Isaac participated in the Tyndall Air Force Base Pilot for a Day program April 8 with the 95th Fighter Squadron staff here.

Isaac suffers from Asperger's syndrome, a form of autism. People with Asperger's demonstrate significant difficulties with social interaction and tend to show repetitive patterns of behavior.

"This was a great experience for Isaac," said Tech. Sgt. Joe Ezell, Isaac's father and an operational assessments technician at the 601st Air and Space Operations Center here. "We are very appreciative to the 95th Fighter Squadron for this special opportunity."

As a student at Lucille Moore Elementary School in Panama City, Fla., Isaac is part of the school's autism program.

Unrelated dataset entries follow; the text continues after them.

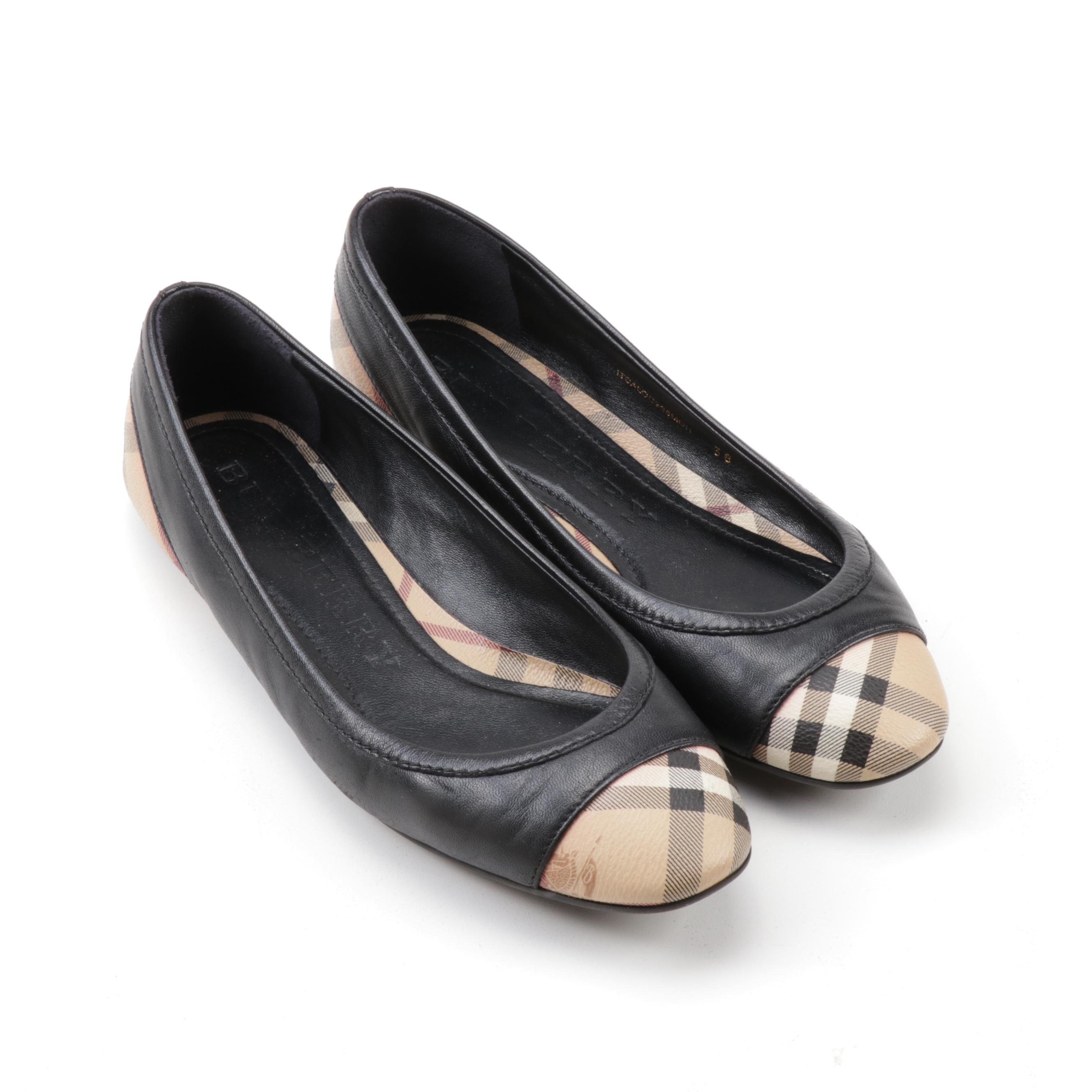 Burberry Highsmith "Haymarket" and Black Leather Ballerina Flats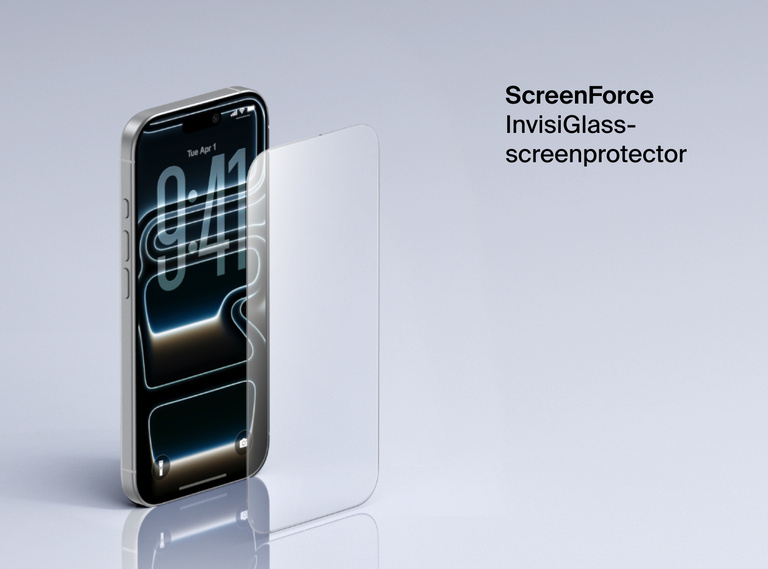 Belkin ScreenForce InvisiGlass-screenprotector voor duurzame kristalheldere bescherming, afgebeeld op een iPhone.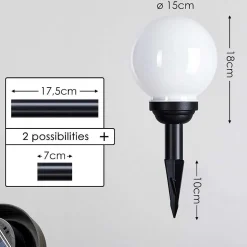 Boule Lumineuse Campinas Led Noir, Blanc, 1 Lumiere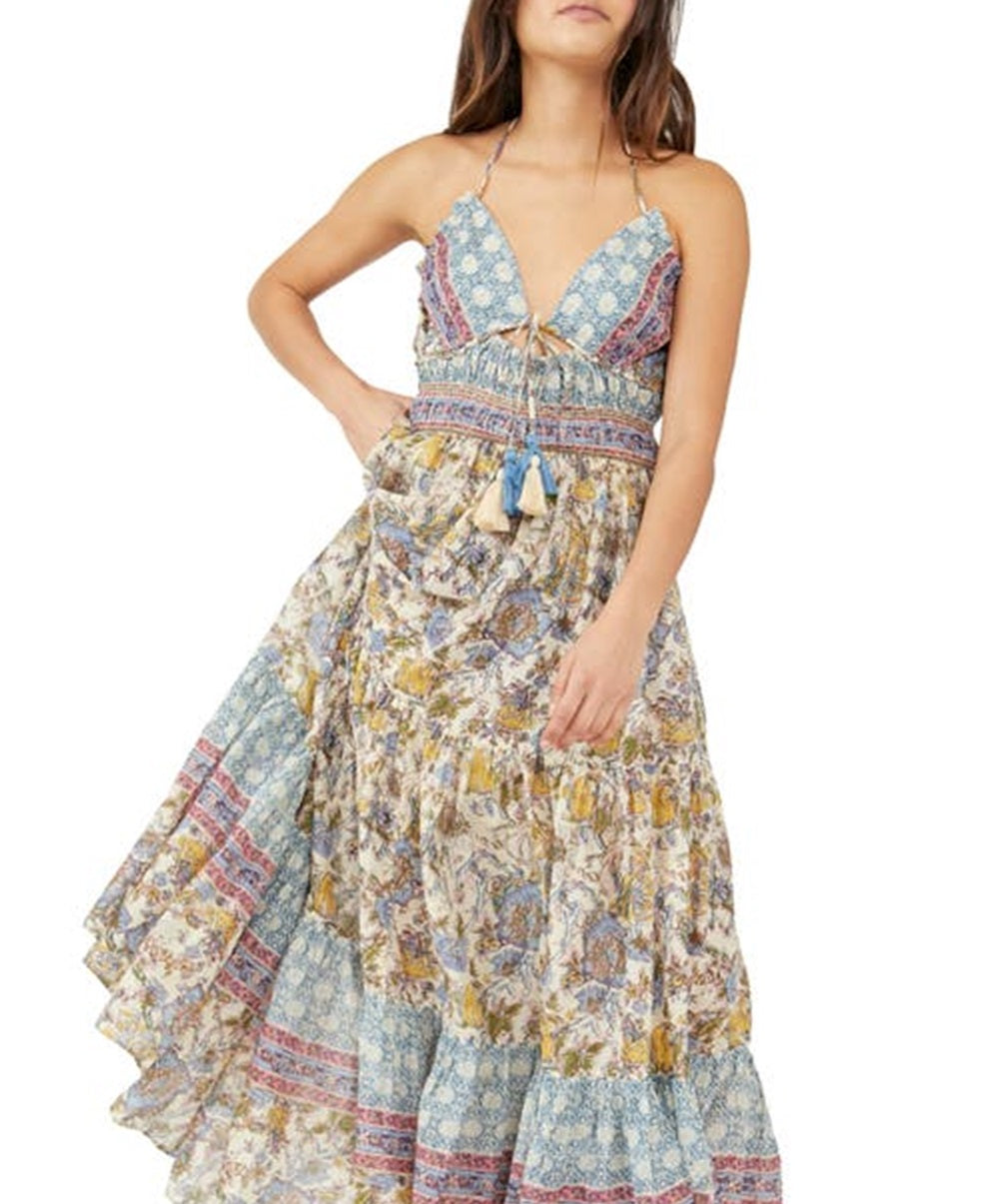 Free People Women's Real Love Print Maxi Dress Brown Size X-Large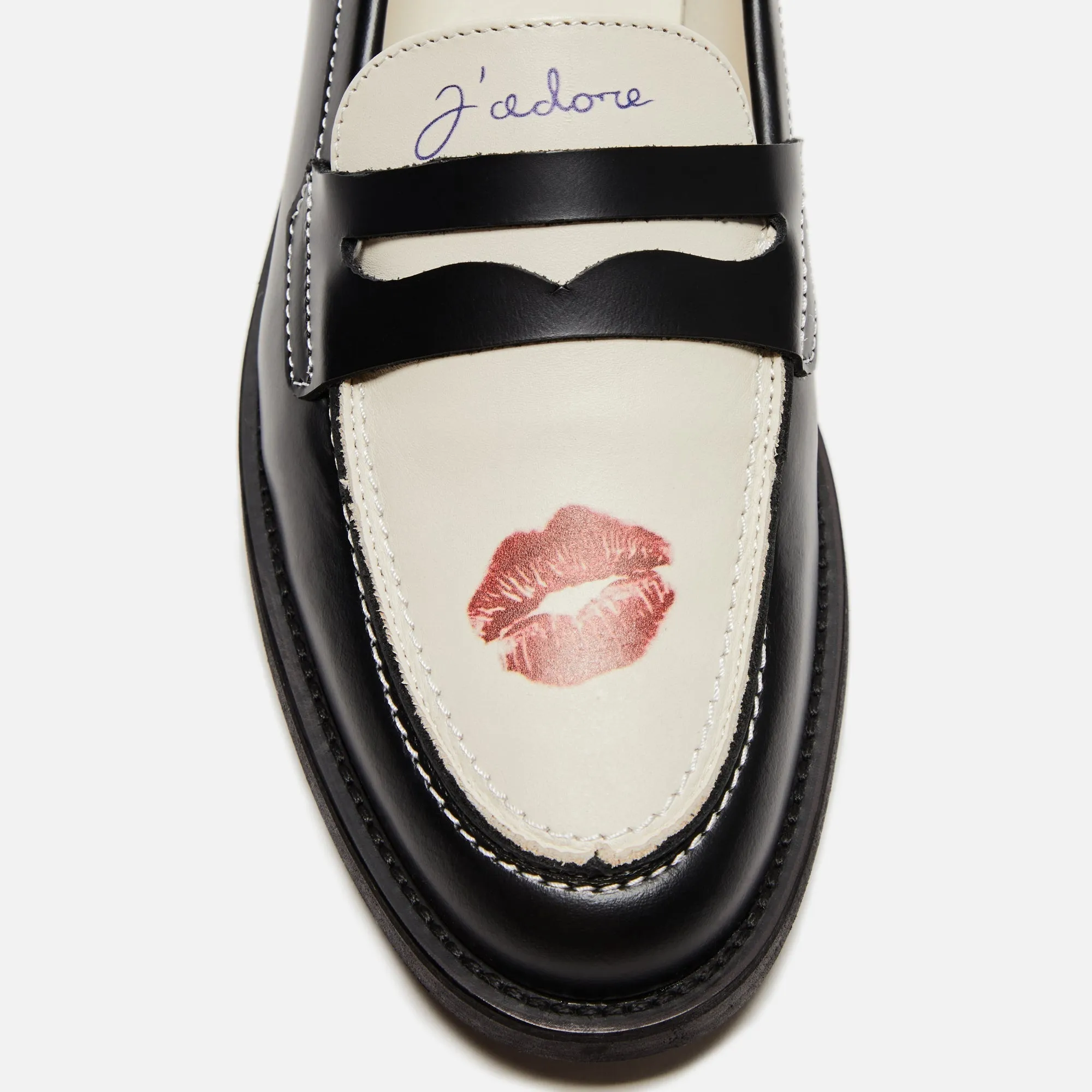 DUKE   DEXTER WMNS Kiss Penny Loafer - Black / White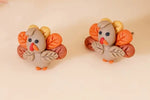 3D Clay Turkey Stud Earrings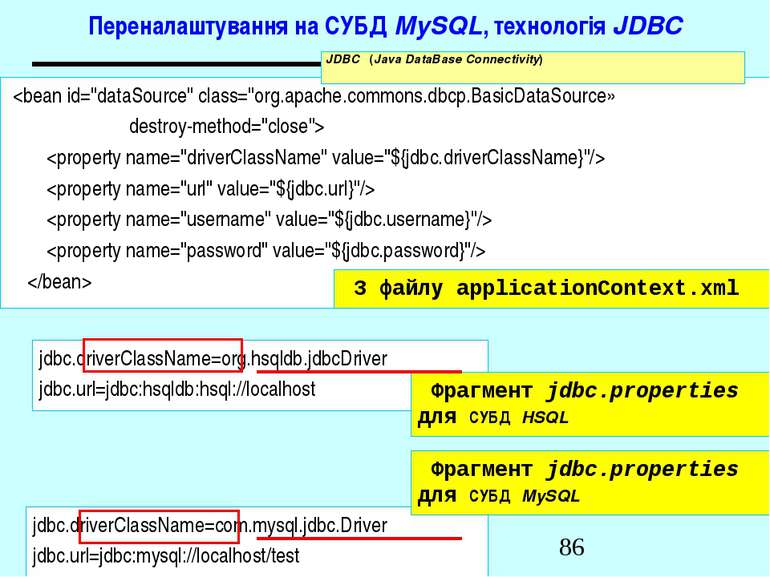Переналаштування на СУБД MySQL, технологія JDBC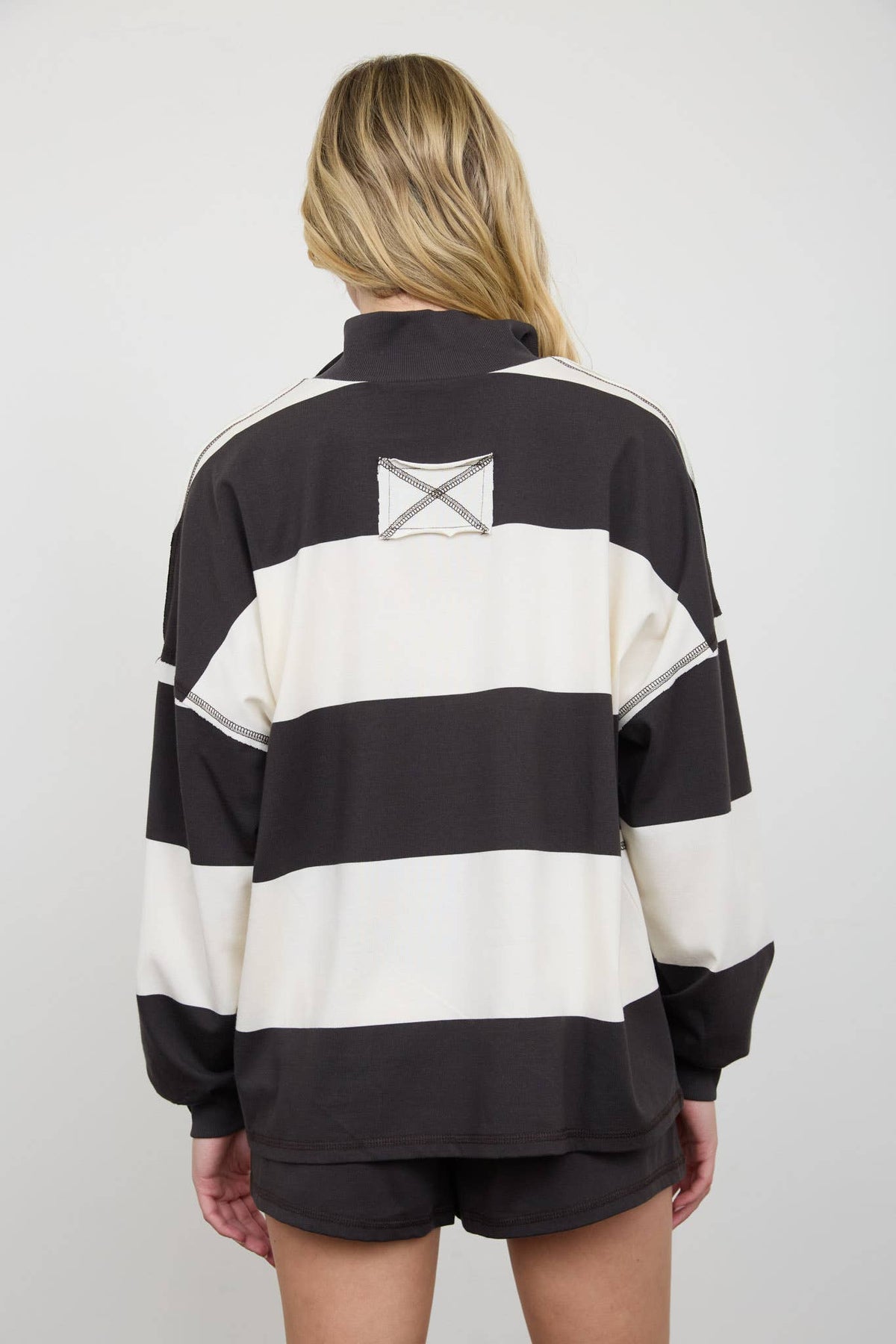 Wide Stripe Half Zip Long Sleeve Knit Top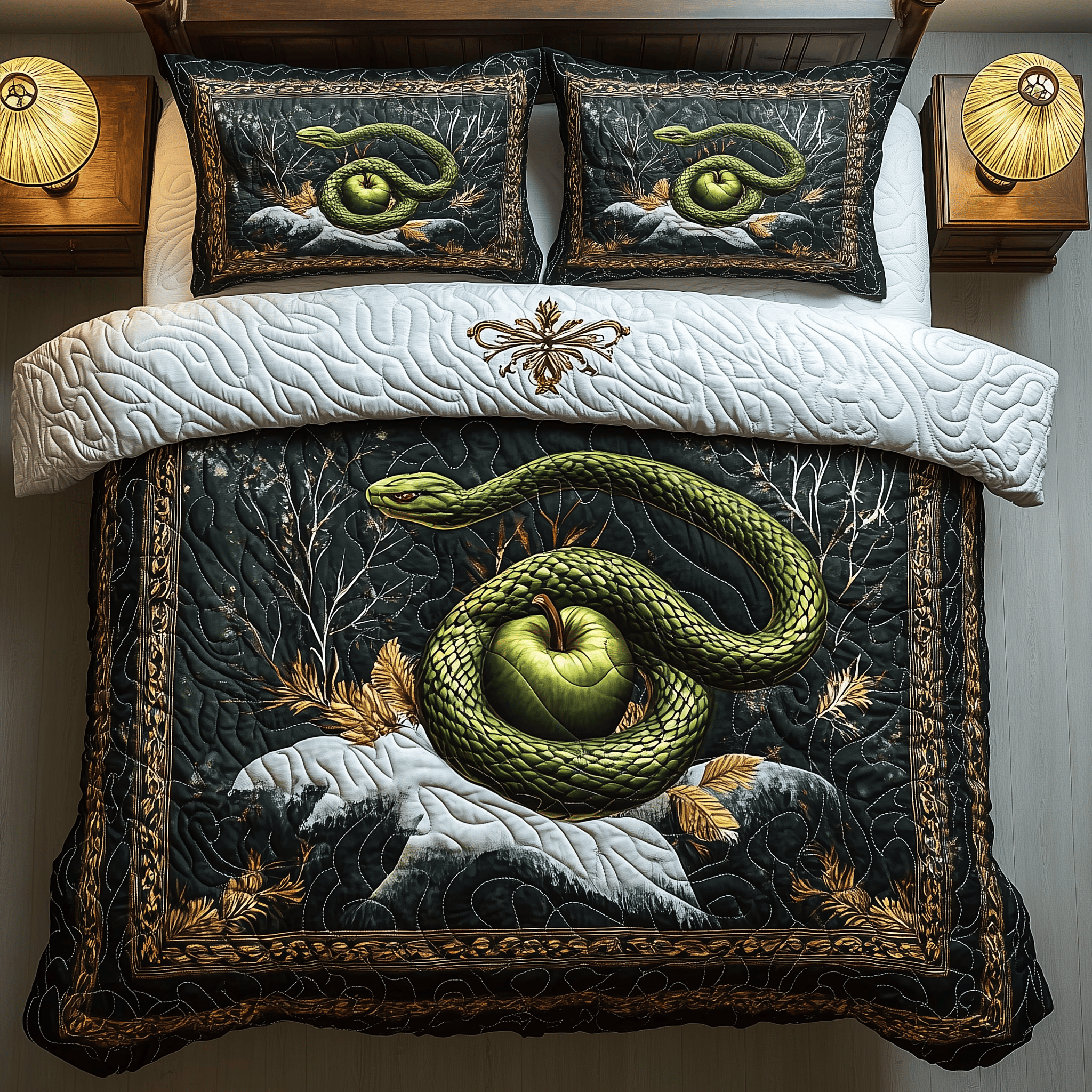 Serpent in Garden of Eden Quilted Bedding Set Gifts For Boyfriends Parents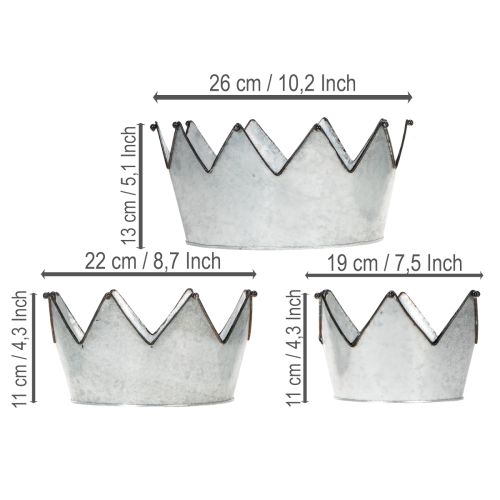Dekoschale Set Metall Krone aus Zink Ø26,5/22,5/19cm für Dekoration Innen | Floristik24.ch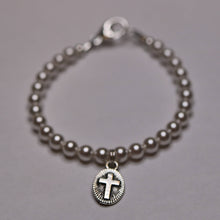 Load image into Gallery viewer, Religious Pearl (Oval Cross) Baby Child Kid Bracelet Jewelry
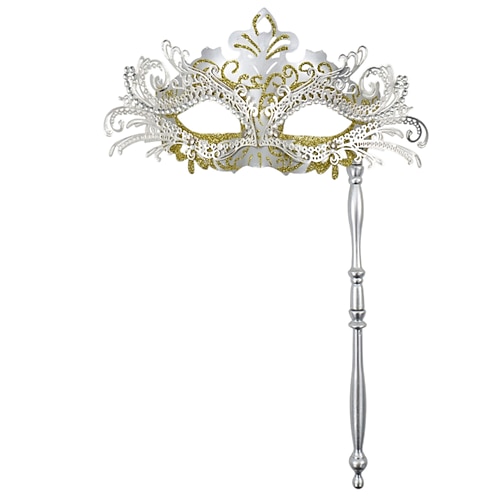 Masque de bal masqué pour femme avec strass et poignée - élégant doré Masque rouge portatif pour les fêtes du Nouvel An, boules événements de danse formelle
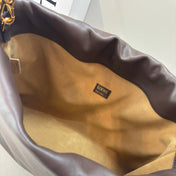 LOEWE 25S FLAMENCO PURSE 41 IN DARK BROWN NAPPA LEATHER GOLD HARDWARE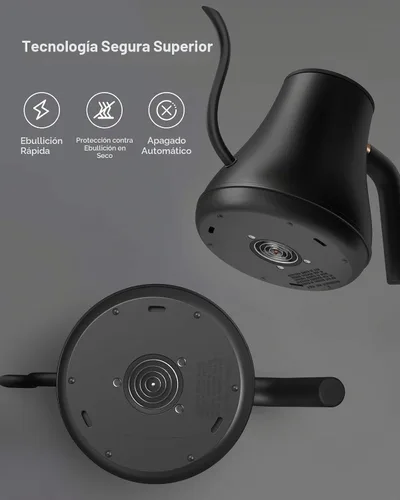 Vista 9 de Hervidor de cuello de cisne con control de temperatura, hervidor eléctrico para café y té, interior de acero 100% inoxidable, calentamiento rápido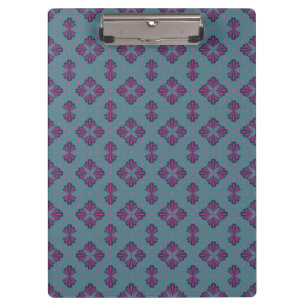 Colorful Geometric Pattern in Classic Retro Style Clipboard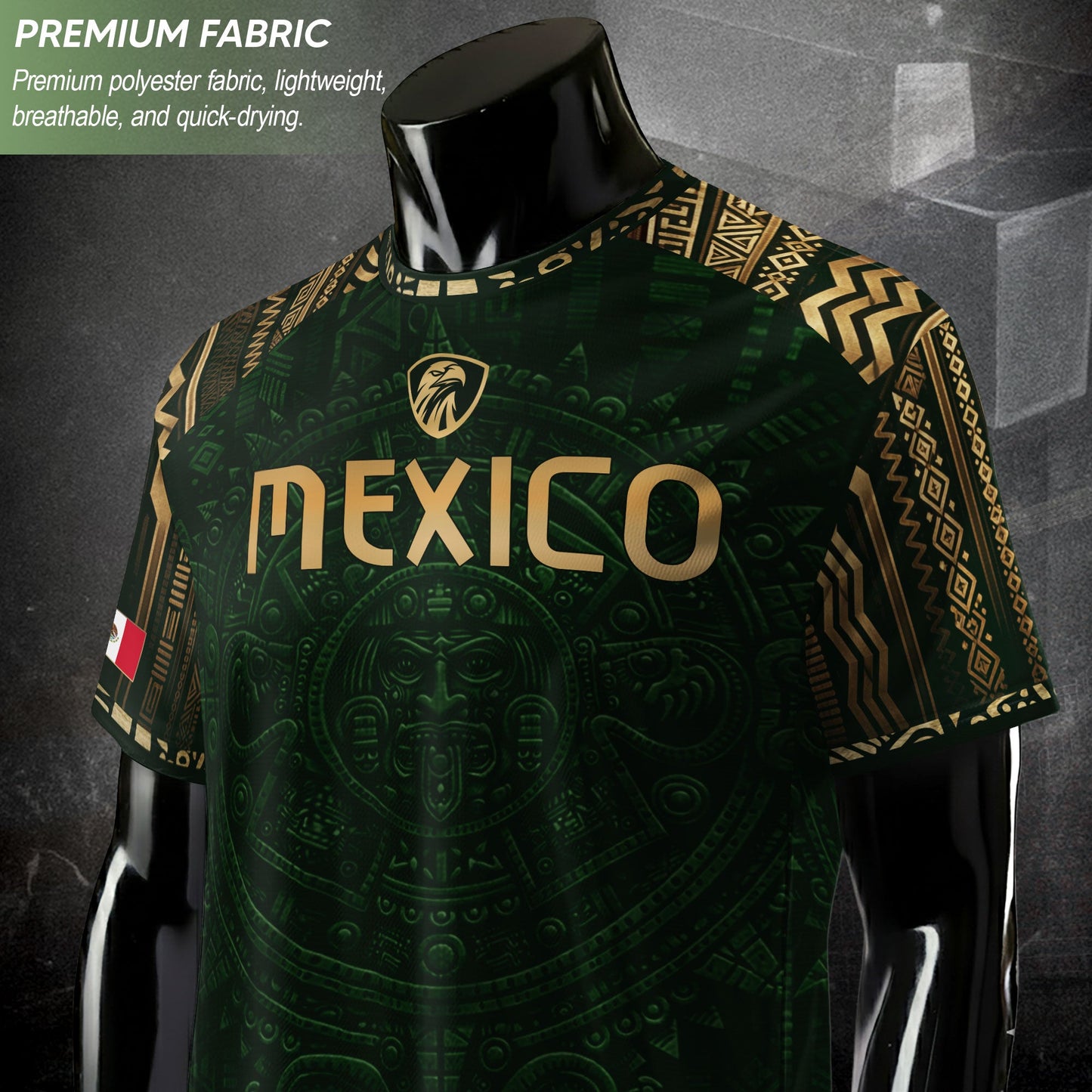 Mexico Heritage Orgullo Mexicano Green Gold Aztec Calendar Sun Stone Soccer Jersey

"With April being Autism Awareness Month, the timing couldn't have been better," said Helen Ezell, Isaac's mother, . "Isaac was treated in such a positive light that he really feels he could grow up to be a pilot. This day opened up his view on what his future could hold."

Mrs. Ezell is also the president of the Autism Education Center in Lynn Haven, Fla.

Isaac's visit to the 95th FS included a pre-mission brief, life support demonstration, tour of the squadron, an F-15 static display and the opportunity to "fly" in an F-15 simulator. 95th FS members also presented Isaac with a flight suit complete with name badge and a squadron patch. Before receiving the squadron patch, Isaac had to complete all his mission objectives for the day.

"Capt. Caleb Haley was an awesome tour host and made sure Isaac had an amazing experience," Sergeant Ezell said.

"Our Pilot for a Day program is great way that we can give back to the local community," said Lt. Col. Phil Campbell, the 95th FS director of operations.

The program is designed to benefit children and their families who have disorders or illnesses. It is not directed at any one disorder or illness and is not restricted to children with terminal cases.

"This was the best day of my life," Isaac said.